*Available data*.
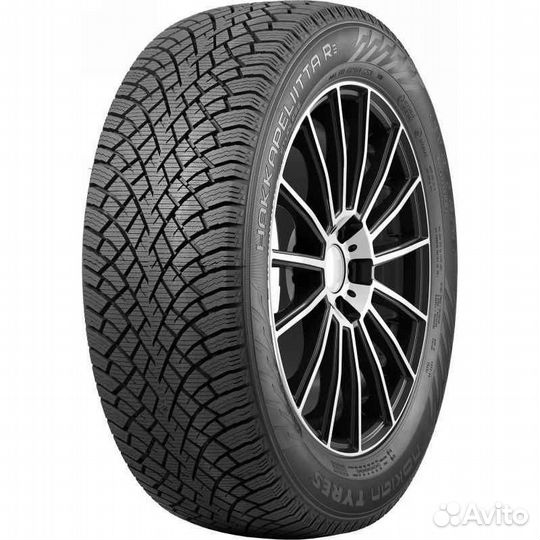 Nokian Tyres Hakkapeliitta R5 195/60 R16 89R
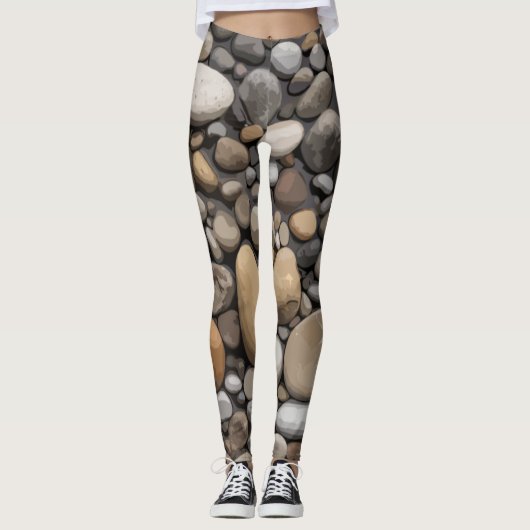 Serenity Stones Leggings (Voorkant)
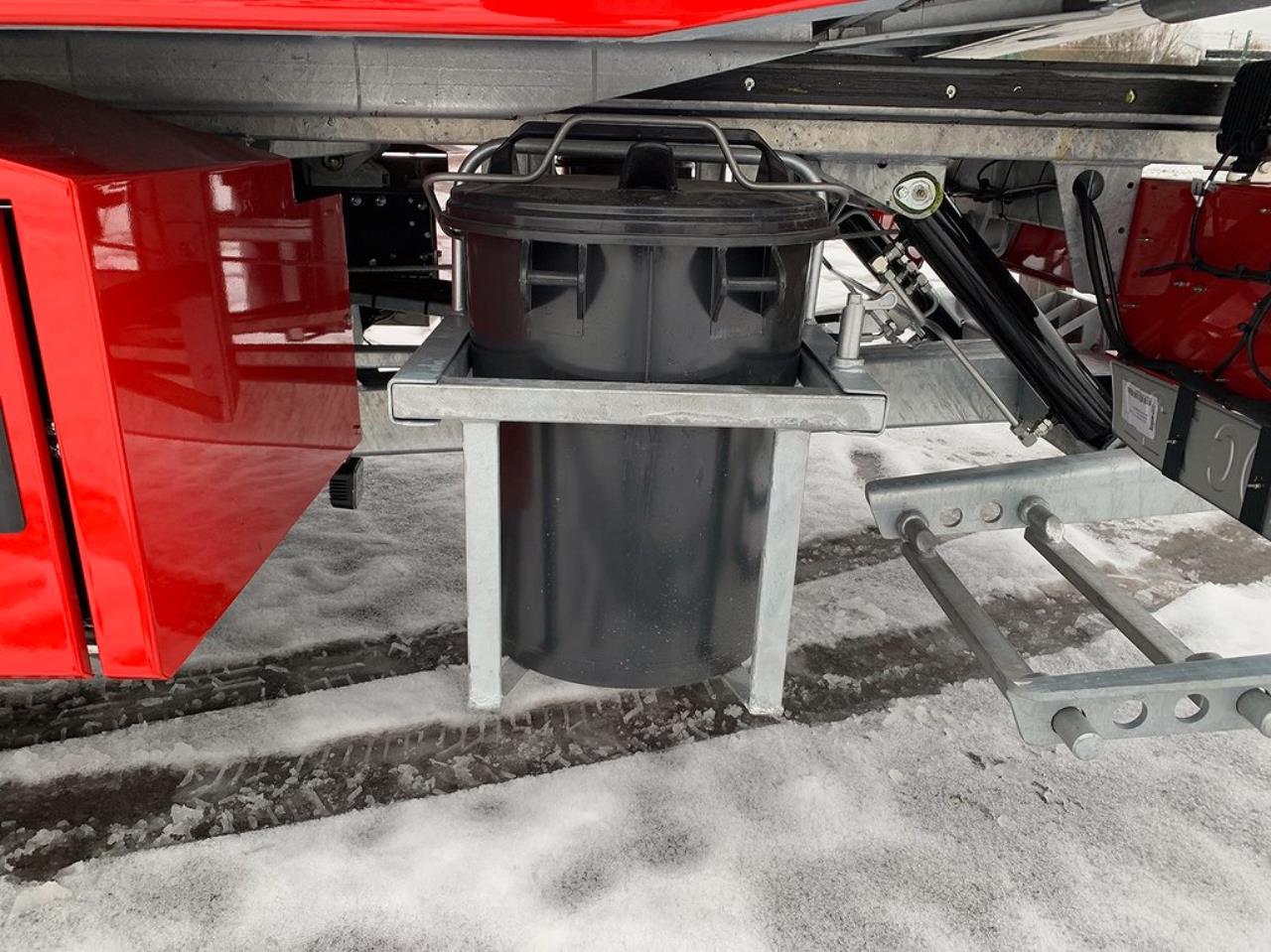 Iveco Daily 72C18 Bärgningsbil Fullutrustad  Automat 2021 - Övrigt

*Exercise*. Every line from the one with "Serenity Stones Leggings (Voorkant)" through the end of the material above should be restated word for word, with the pictures left out.

*Output for this exercise*.
 Serenity Stones Leggings (Voorkant)
 Iveco Daily 72C18 Bärgningsbil Fullutrustad  Automat 2021 - Övrigt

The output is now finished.